Data for this task —
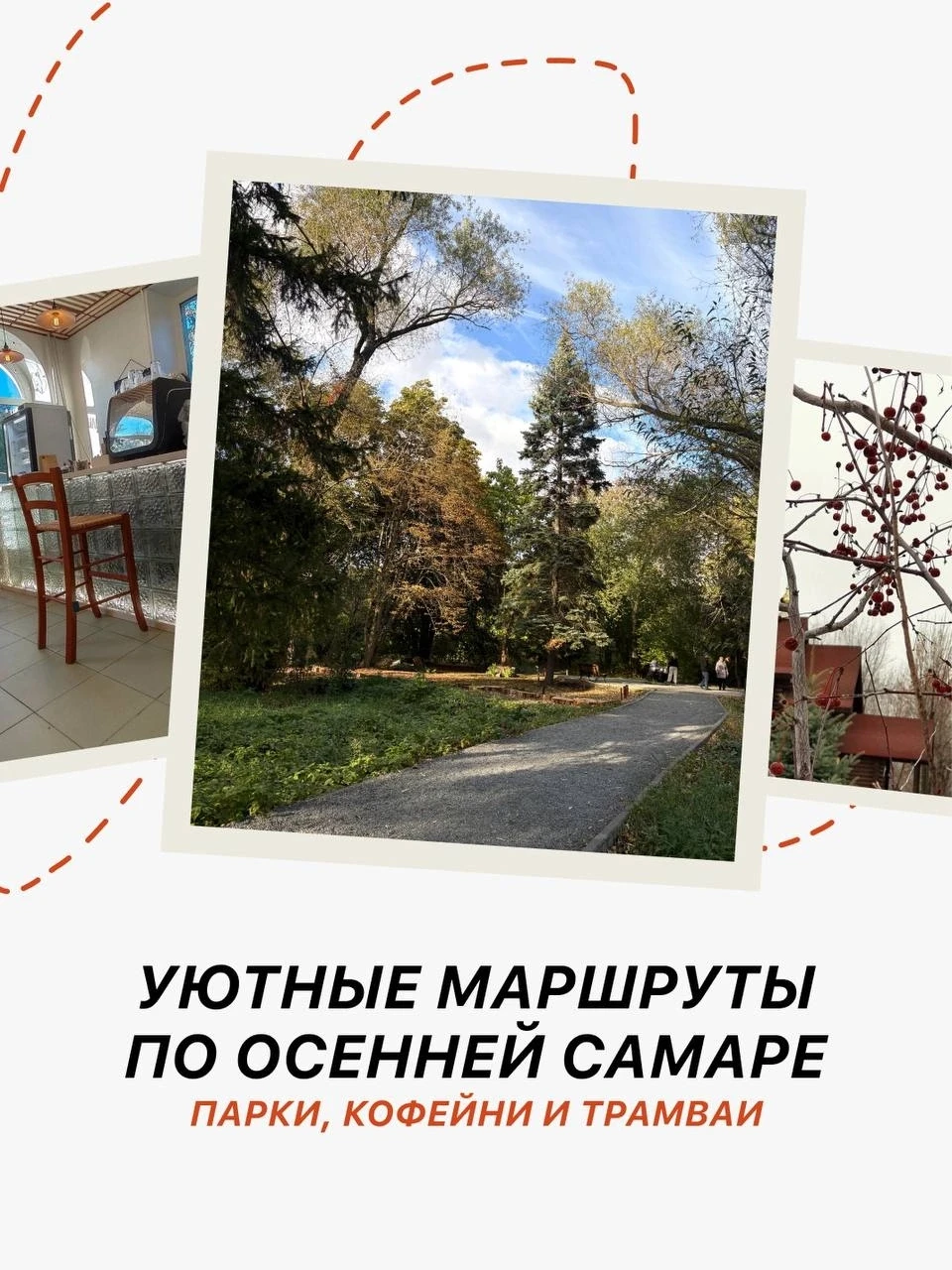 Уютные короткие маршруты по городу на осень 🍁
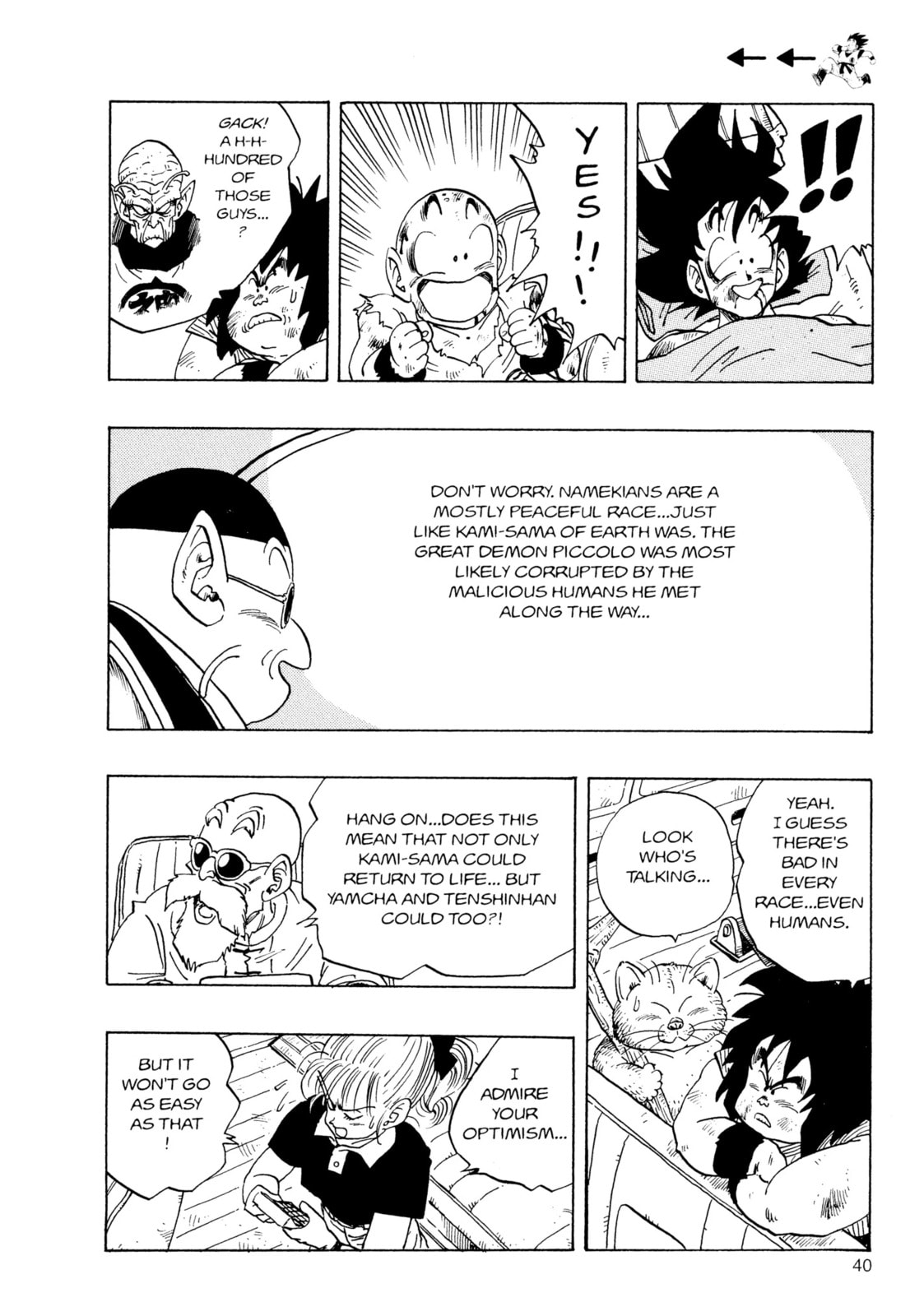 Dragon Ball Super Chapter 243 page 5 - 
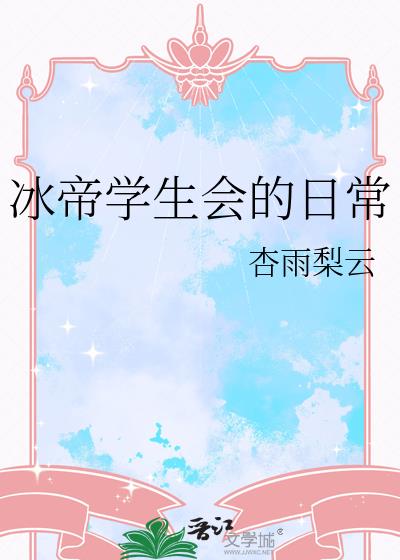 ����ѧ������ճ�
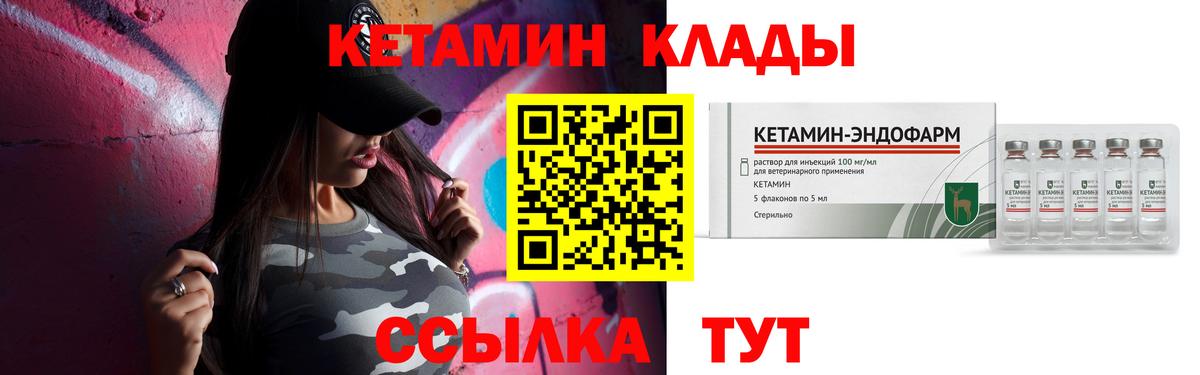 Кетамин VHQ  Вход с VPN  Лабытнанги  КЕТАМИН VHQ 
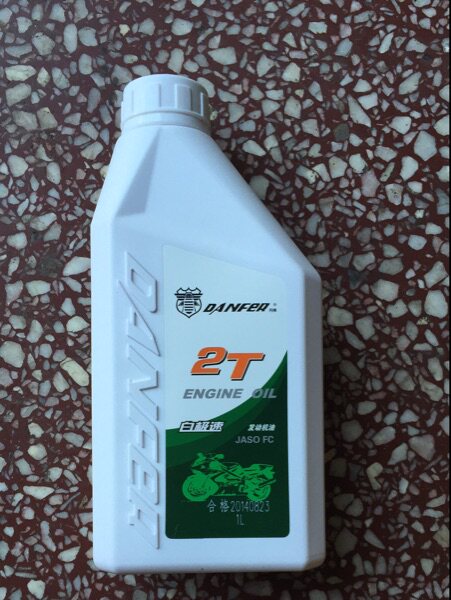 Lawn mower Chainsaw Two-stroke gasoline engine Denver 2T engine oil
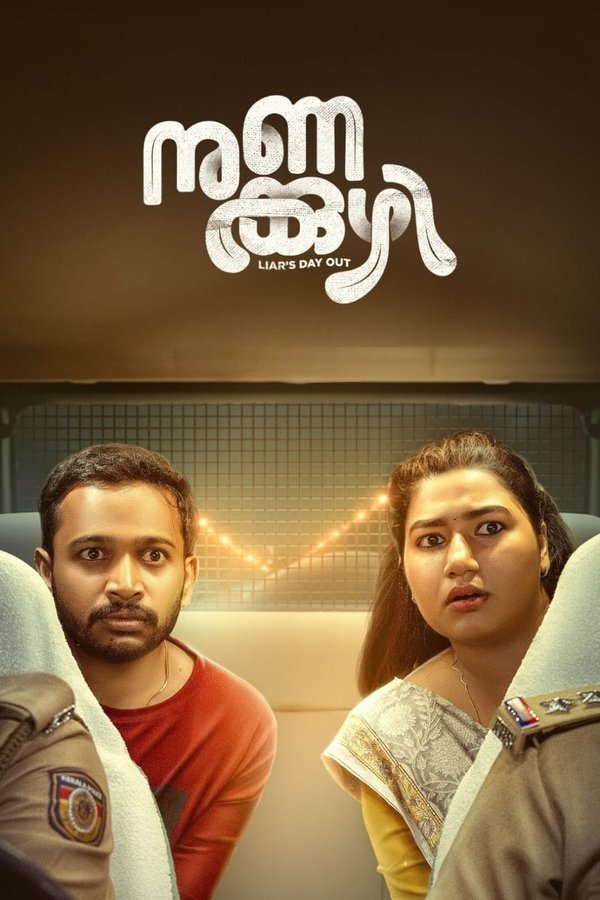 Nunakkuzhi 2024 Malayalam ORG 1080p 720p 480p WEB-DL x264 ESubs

...

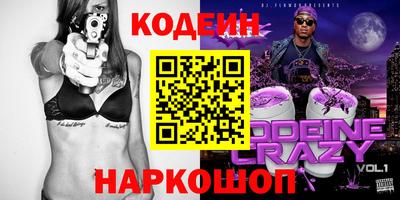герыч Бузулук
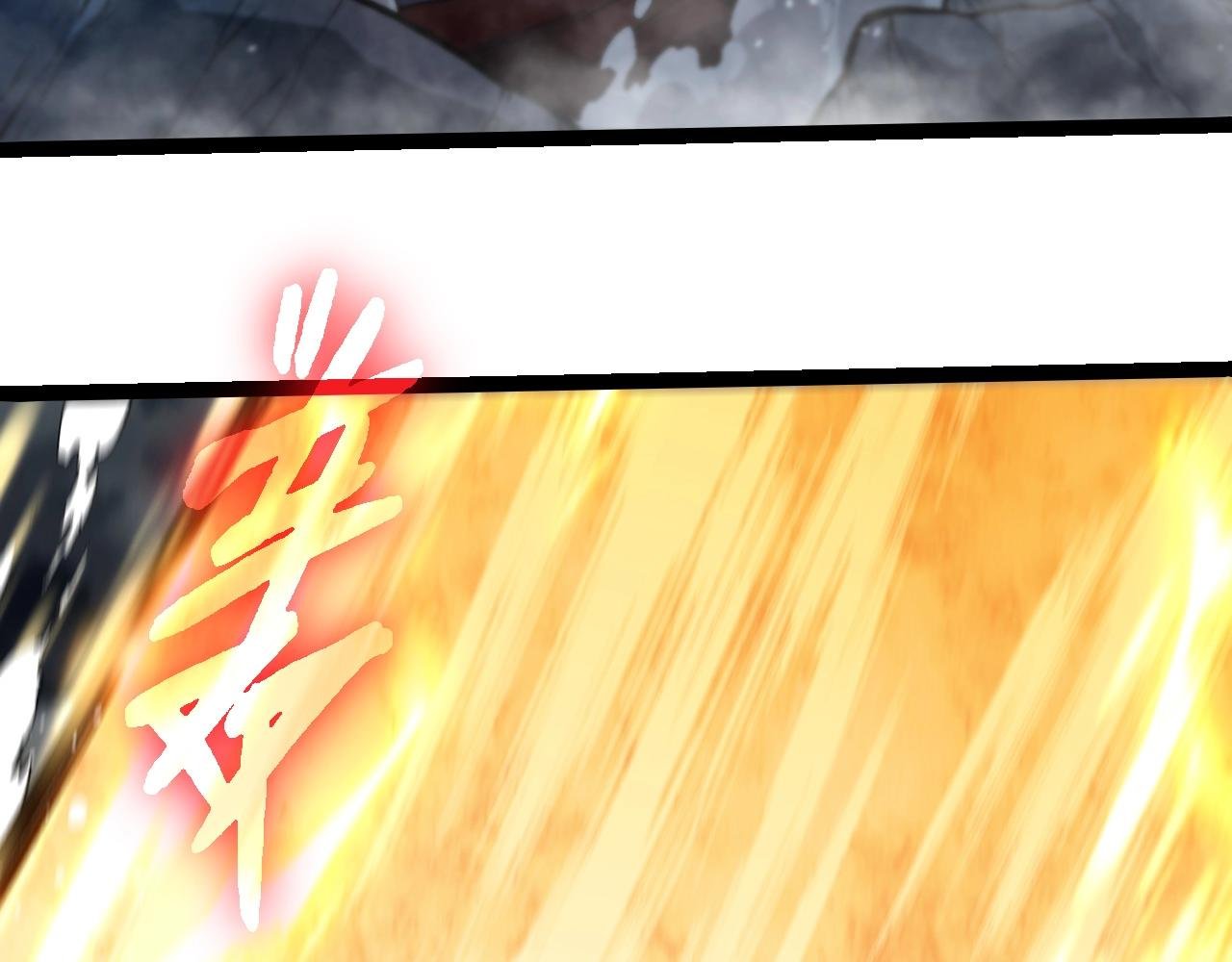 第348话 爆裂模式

What is needed —
Only one stretch of the material above is wanted: the line containing "Уютные короткие маршруты" through the line containing "Nunakkuzhi 2024 Malayalam". Restate it word for word, minus the pictures.

Exercise output —
 Уютные короткие маршруты по городу на осень 🍁
 Dragon Ball Super Chapter 243 page 5 - 
 ����ѧ������ճ�
 Кетамин VHQ  Вход с VPN  Лабытнанги  КЕТАМИН VHQ 
 Lawn mower Chainsaw Two-stroke gasoline engine Denver 2T engine oil
 Nunakkuzhi 2024 Malayalam ORG 1080p 720p 480p WEB-DL x264 ESubs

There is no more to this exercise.